# Squares, Congruency and Perpendicular bisectors

• Apr 17th 2010, 09:20 AM
(?)G
Squares, Congruency and Perpendicular bisectors
I have a question from my textbook:

Given Square PINK with vertices P (-1,-1), I (3, 2), N (6, -2) and K (2, -5) prove that its diagonals are congruent and are perpendicular bisectors of each other.

I'm really not sure what I am supposed to do once I have this sketched up.
• Apr 17th 2010, 11:24 AM
bjhopper
squares etc
Quote:

Originally Posted by (?)G
I have a question from my textbook:

Given Square PINK with vertices P (-1,-1), I (3, 2), N (6, -2) and K (2, -5) prove that its diagonals are congruent and are perpendicular bisectors of each other.

I'm really not sure what I am supposed to do once I have this sketched up.

Plot the four points.
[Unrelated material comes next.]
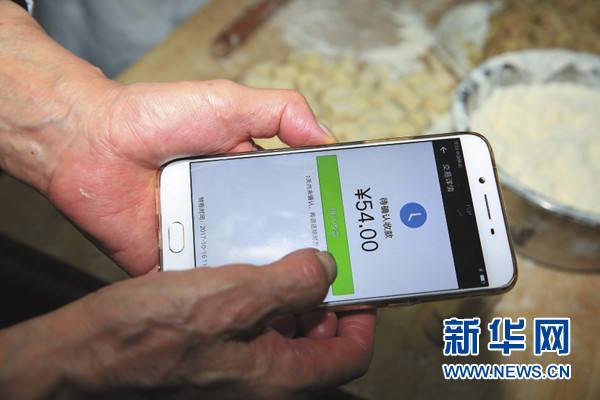 Los QR de WeChat ayudan a impulsar empresas y generar puestos de trabajo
Connect the points Draw the slope diagrams for each side.Prove that each side is equal to 5.Write the slopes for any two lines meeting at one of the points and show that they are perpendicular to each other.You go the rest of the way.

bjh
• Apr 17th 2010, 03:04 PM
Soroban
Hello, (?)G!

Quote:

Given Square PINK with vertices P (-1,-1), I (3, 2), N (6, -2) and K (2, -5)

Prove that its diagonals are congruent and are perpendicular bisectors of each other.

I'm really not sure what I am supposed to do once I have this sketched up.
How about doing the part in blue?

Determine the lengths of diagonals $PN$ and $I\!K$, and show that they are equal.

Find the slopes of $PN$ and $I\!K$ and show they are perpendicular.
Find the intersection of $PN$ and $I\!K$ and show that it is their mutual midpoint.